*The problem*.
All lines in the material below that contain "wooden" should be located and copied.

Start of Exercise data

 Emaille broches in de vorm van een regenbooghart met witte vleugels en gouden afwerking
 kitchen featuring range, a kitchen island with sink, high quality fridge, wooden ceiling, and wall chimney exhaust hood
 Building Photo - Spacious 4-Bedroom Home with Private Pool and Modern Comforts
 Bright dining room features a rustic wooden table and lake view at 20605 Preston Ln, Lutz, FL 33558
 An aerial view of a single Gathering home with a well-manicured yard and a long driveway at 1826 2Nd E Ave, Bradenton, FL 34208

End of Exercise data
Start of Exercise data

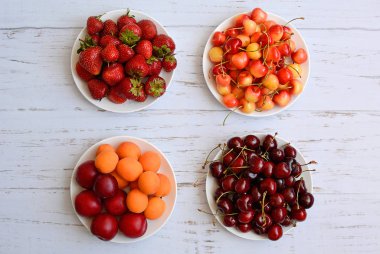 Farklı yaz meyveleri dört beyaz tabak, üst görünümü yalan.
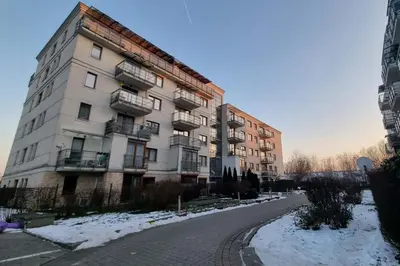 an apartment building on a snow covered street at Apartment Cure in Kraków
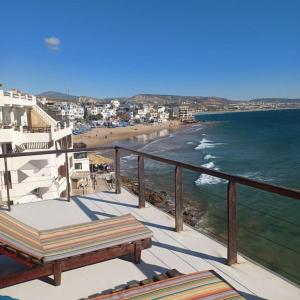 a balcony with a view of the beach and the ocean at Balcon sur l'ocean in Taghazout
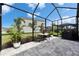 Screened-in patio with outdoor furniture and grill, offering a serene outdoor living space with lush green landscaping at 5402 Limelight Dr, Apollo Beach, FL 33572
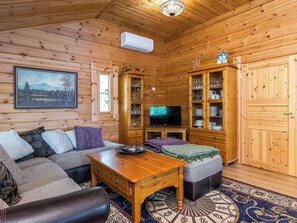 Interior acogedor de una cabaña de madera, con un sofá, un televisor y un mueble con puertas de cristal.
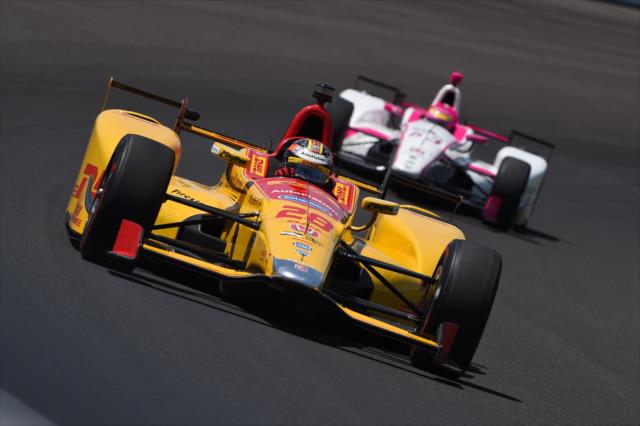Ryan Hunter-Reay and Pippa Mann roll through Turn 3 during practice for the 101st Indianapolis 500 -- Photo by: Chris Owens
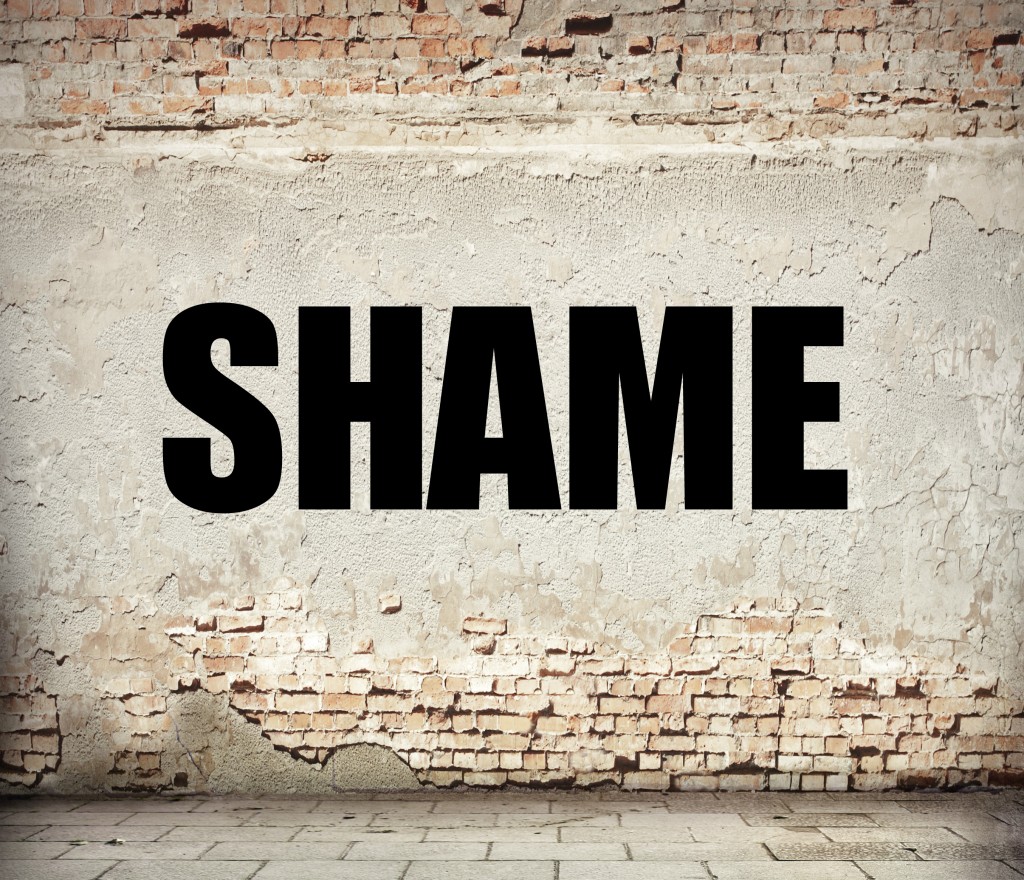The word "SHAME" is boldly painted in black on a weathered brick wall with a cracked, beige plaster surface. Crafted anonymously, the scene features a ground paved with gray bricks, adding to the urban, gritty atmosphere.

End of Exercise data
Start of Exercise data

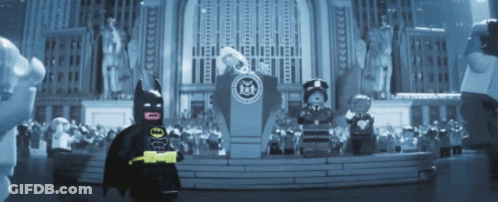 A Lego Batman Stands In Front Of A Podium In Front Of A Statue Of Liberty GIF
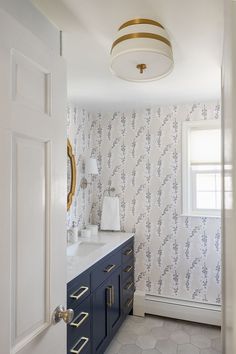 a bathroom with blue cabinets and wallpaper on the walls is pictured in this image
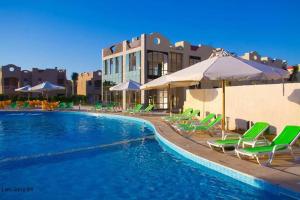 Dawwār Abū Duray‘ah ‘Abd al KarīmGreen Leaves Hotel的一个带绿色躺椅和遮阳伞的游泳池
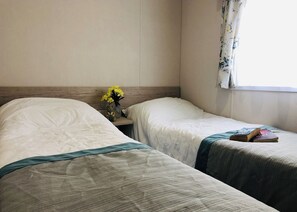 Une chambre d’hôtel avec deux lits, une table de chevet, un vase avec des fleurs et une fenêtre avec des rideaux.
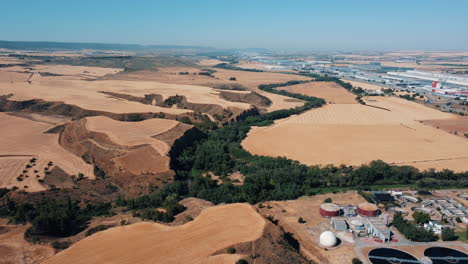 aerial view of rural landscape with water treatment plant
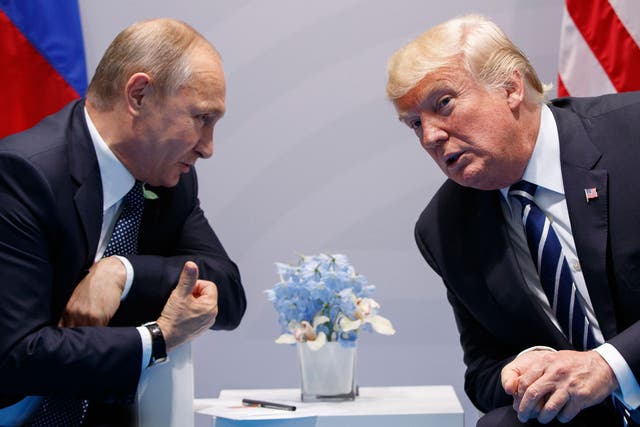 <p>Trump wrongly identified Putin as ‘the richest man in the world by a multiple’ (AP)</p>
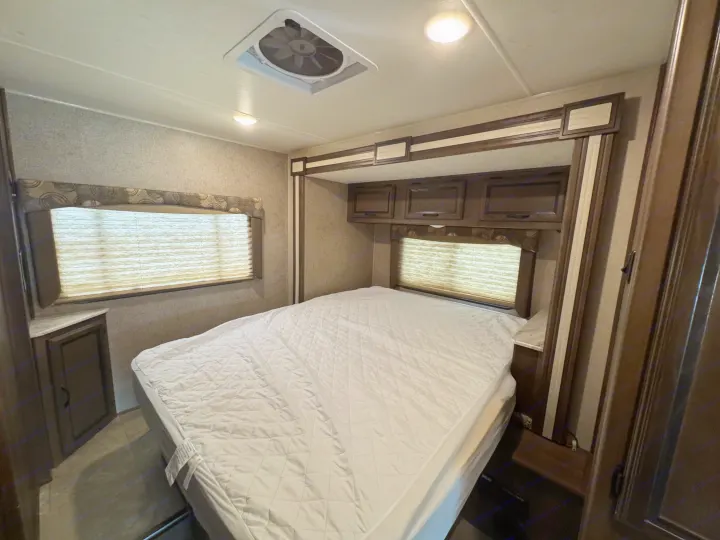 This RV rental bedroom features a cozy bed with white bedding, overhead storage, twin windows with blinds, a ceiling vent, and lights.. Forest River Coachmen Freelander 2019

End of Exercise data

*Solution for this problem*.
 kitchen featuring range, a kitchen island with sink, high quality fridge, wooden ceiling, and wall chimney exhaust hood
 Bright dining room features a rustic wooden table and lake view at 20605 Preston Ln, Lutz, FL 33558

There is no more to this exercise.